Şehir değiştirmek üzere otobüse bindim ve avcılardan metrobüs aktarmasıyla cevizlibağ'a oradan da tramvay ile sirkeci'ye gittim. Otele yaklaştıkça kalbim herzamanki temposunu hızlandırdı ve ağzımdan her an çıkabilir gibi hissettim. Aslında ilk kez o otelde çalışmıyordum. Daha önce stajımı da o otelde yapmıştım. Kadronun  değişmesiydi beni en çok endişelendiren. Çünkü yenilikleri sevsem de, yeni insanlarla tanışmak, tanımadığım birini tanımaya çalışmak beni her zaman endişelendirirdi. Güven duygusu benim için önemli oldugu için, tanımadıgım bir kişiye güvenememem buna sebep oluyordu.

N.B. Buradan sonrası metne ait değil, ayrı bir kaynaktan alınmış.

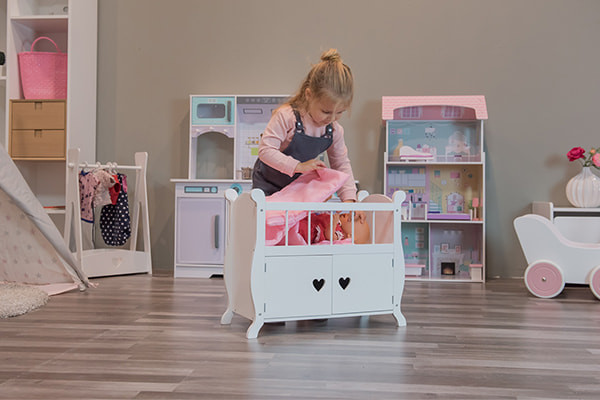 Aike is 3 jaar oud en 1.03 m lang.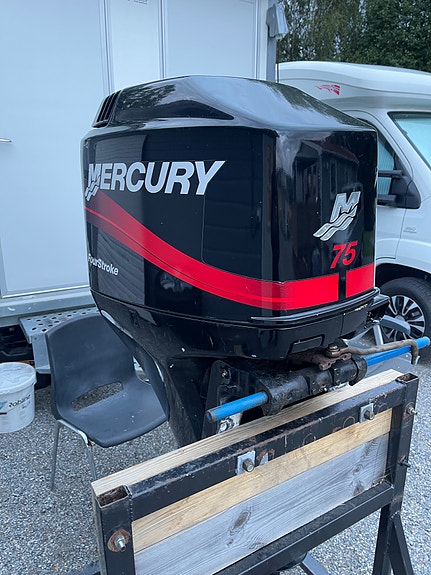 Mercury 90 4 takt. 2 of 10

Otelin personel girişinden girmemle birlikte insan kaynaklarına gittim ve daha sonra yanıma aldığım pantolonum ve topuklu ayakkabılarımı giyerek ofise çıktım.
Ofiste M. vardı. O da benim gibi yeniydi, sadece 3 gün önce işe başlamıştı. Fakat oldukça alışmış gibi gözüküyordu. Bana kitlerin yerini gösterdi ve alışmamı hızlandırmak için oldukça sıcakkanlı bir tavırla yaklaştı. İyi birine benziyordu. Kısa, çenesinden 3-4 santim uzun karamel rengine dönük saçları vardı. Oldukça ince yapıda bir kızdı. Bana Sevcan ablamı hatırlattı. Sevcan ablam, daha önce o otelde staj yaparken yanından ayrılmadığım ve birlikte rezervasyonlara baktıgımız, bana ilk Fidelio'yu öğreten kişiydi.

İlk gün oldugu için diye düşünüyorum, çok gergin, stresli hissediyordum. Hava almaya çıktıgımda ''Acaba çıkıp gitsem mi ?'' diye düşünmedim değil. Çıkmazda gibiydim, daralmıştım. Fidelio'da rezervasyon girmeyi de unutmuş olmam benı daha çok geriyordu. Çünkü 2 sene önce yalayıp yutmuştum, öyle ki oteldeki hiç kimse benim stajer oldugumu bilmiyordu. Öğrenenler de şaşırıp kalıyordu. Sağ olsun S. , bana unuttuklarımı teker teker amlattı ve ben de not aldum.
Saat 15:00 sularında stresim oldukça azalmıştı. Ortama uyum sağlamaya başlamıştım ve daha az hava almaya çıkıyordum. Sadece üzerimde aşırı bir ağırlık ve bununla birlikte bir yorgunluk vardı. Ağırlığın sebebini çözemesemde, yorgunluğun sebebi kesinlikle bir önceki gün eskişehir'den dönmüş olmam ve ertesi gün yani 17 Mayısta erkenden kalkıp işe gitmemdi.

O gün, 18:30da işten çıkmam gerekirken 19:30da çıktım. Bunun sebebi rezervasyondaki yogunluk ve benım unuttuklarımı hatırlama aşamasında olmamdı. Eğer sistemi unutmamış olsaydım 1 saat mesai yapmamıza gerek kalmayabilirdi.

Saat 21:30 sularında eve vardıgımda bitmiştim artık. Gökçe ile bir kahve içtik ve daha sonrasında yatağıma yöneldim, ertesi gün çalar saati duymayı dileyerek.